O que o pensador francês sugere é que “boas intenções” ou mesmo ações feitas em nome do suposto “bem comum” podem resultar no oposto ao desejado. Segundo ele, “a ecologia da ação implica que não é suficiente apenas ter boa vontade. Temos de tentar examinar as condições em que se dá a ação, e então, de acordo com a necessidade, poderemos segui-la, ou transformá-la, ou ainda abandoná-la. Portanto, há duas ideias importantes na ética: uma, quando nos decidimos pro uma ação pelo bem, fazemos um balanço dos efeitos de nossa ação, e assim, ao tornarmo-nos conscientes de seus efeitos, podemos rever nossas ações ou decisões. Em segundo lugar, a ideia de que é preciso traçar uma estratégia de ação, ou seja, ficar atento aos elementos novos e às informações que se somam à situação”.

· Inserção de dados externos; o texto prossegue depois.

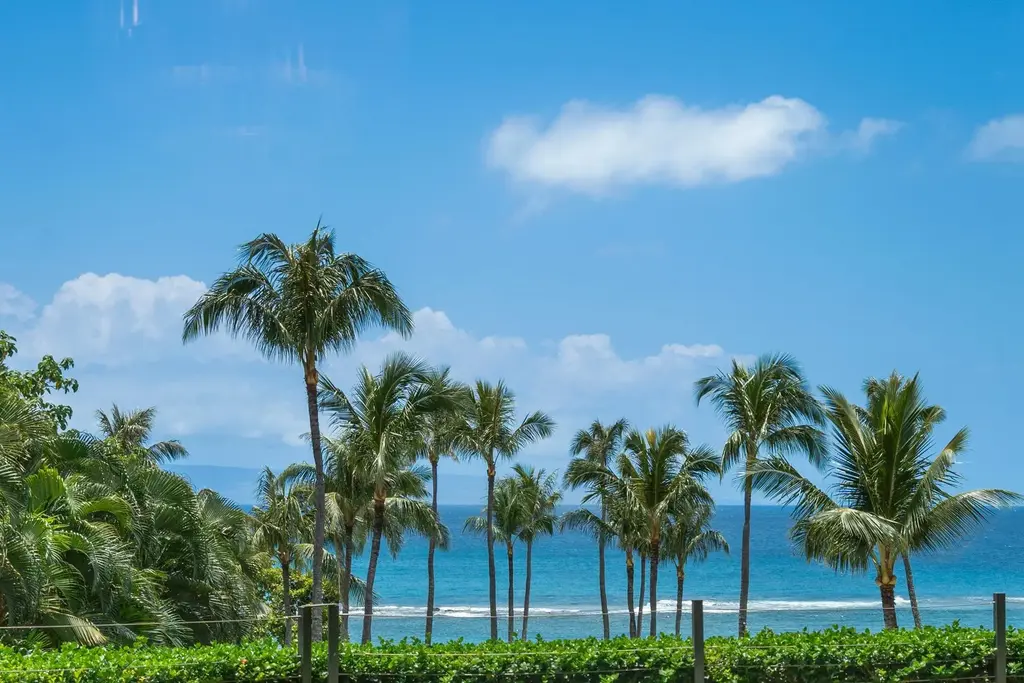 1 Bay Dr 5102, Kapalua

Diz Morin: “Penso no período em que vivi durante a guerra, ou no pós-guerra, na minha relação com o comunismo, quando conheci pessoas ou militantes que achavam que trabalhavam para o bem da humanidade sem perceber que trabalhavam, ao contrário, pela sua escravidão. Isso, contudo, pode estender-se a todas as atividades. Quantas pessoas não acreditam trabalhar para o bem, sem perceber que na realidade estão sendo manipuladas”?

Aqui entra o PT e a ação de muitos de seus dirigentes, o comovente depoimento de José Genoíno: "A sensação de estar numa noite escura e de ser condenado injustamente”. Genoíno e tantos outros “aceitavam” o jogo do ‘mensalão’ e suas diferentes modalidades – o mesmo vale para militantes de base – na convicção de que se tratava de um mal menor ou mesmo necessário para o avanço das reformas no Brasil.
Emerge aqui uma questão: A instauração de políticas sociais, o bolsa-família, a política de cotas, a mobilidade social dos mais pobres para cima, fornecem um “salvo conduto” aos erros de seus dirigentes? Tudo pode ser justificado ou atenuado porque o PT, no governo, passou a adotar políticas sociais antes inexistentes?

Na cabeça de muitos, o ‘mensalão’ foi um desvio necessário – garantir governabilidade – para o Brasil avançar. Optou por entrar e mesmo, intensificar a lógica que resultou e orientou o ‘mensalão’: os interesses, o jogo, que acontece nos bastidores. Disputas e manobras, que muitas vezes não chegam ao conhecimento da população, mas que se configuram numa intensa guerra, travada nas trincheiras do mundo da política.

Muitos sequer viram gravidade no fato, uma vez que se trata de prática corriqueira na política nacional adotada por todos os partidos – ou quase todos – que se passou a chamar de “caixa 2”. Talvez, a complacência com o ‘mensalão’ deva-se também em parte ao fato de que o mecanismo do “caixa 2” seja utilizado em outras esferas da sociedade e não apenas na esfera pública.

Para muitos, o julgamento do ‘mensalão’ retoma uma agenda udenista no país, ao gosto da direita, que procura obsessivamente desmontar os avanços sociais obtidos na Era Lula. Nessa ótica, o ‘mensalão’ é algo menor diante de tantas conquistas e avanços sociais e econômicos. É inegável que a direita procura se apropriar desse discurso e usa o ‘mensalão’ como um aríete para abalar a fortaleza em que se transformou o mito Lula, porém, cabe à esquerda social abordar esse tema e criticá-lo pela esquerda. Validar o discurso de que não se pode criticar os dirigentes do PT pelos equívocos que cometeram porque isso significa jogar “água no moinho da direita” é recusar a essência do que significa ser esquerda.

Com o ‘mensalão’, os envolvidos, invocaram uma ideia de justiça, ou ausência desta, a partir de múltiplas variáveis, mas, desconectadas da efetiva, contingência. À luz das reflexões éticas, justiça tem a ver com as escolhas, com condutas, e as consequências destas na vida dos demais. Infelizmente estas, foram de grande tristeza, e decepções. Segundo Gabriel Garcia Marquez,” a sabedoria chega, quando já não vale para nada”.
A polêmica do ‘mensalão’ suscita e recoloca em pauta o debate do que é ser esquerda hoje.